* _Your task_
Each line below should be set down again unchanged.

┏━━

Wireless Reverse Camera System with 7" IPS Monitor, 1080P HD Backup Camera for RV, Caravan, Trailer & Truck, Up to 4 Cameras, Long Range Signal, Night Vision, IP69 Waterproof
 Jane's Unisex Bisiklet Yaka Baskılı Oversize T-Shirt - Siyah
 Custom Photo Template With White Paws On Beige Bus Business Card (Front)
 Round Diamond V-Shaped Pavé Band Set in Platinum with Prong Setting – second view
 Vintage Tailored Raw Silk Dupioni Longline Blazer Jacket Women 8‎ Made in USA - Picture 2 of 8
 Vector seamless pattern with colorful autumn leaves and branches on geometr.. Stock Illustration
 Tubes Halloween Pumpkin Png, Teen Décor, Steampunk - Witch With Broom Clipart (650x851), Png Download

┗━━

* _The completed task_
Wireless Reverse Camera System with 7" IPS Monitor, 1080P HD Backup Camera for RV, Caravan, Trailer & Truck, Up to 4 Cameras, Long Range Signal, Night Vision, IP69 Waterproof
 Jane's Unisex Bisiklet Yaka Baskılı Oversize T-Shirt - Siyah
 Custom Photo Template With White Paws On Beige Bus Business Card (Front)
 Round Diamond V-Shaped Pavé Band Set in Platinum with Prong Setting – second view
 Vintage Tailored Raw Silk Dupioni Longline Blazer Jacket Women 8‎ Made in USA - Picture 2 of 8
 Vector seamless pattern with colorful autumn leaves and branches on geometr.. Stock Illustration
 Tubes Halloween Pumpkin Png, Teen Décor, Steampunk - Witch With Broom Clipart (650x851), Png Download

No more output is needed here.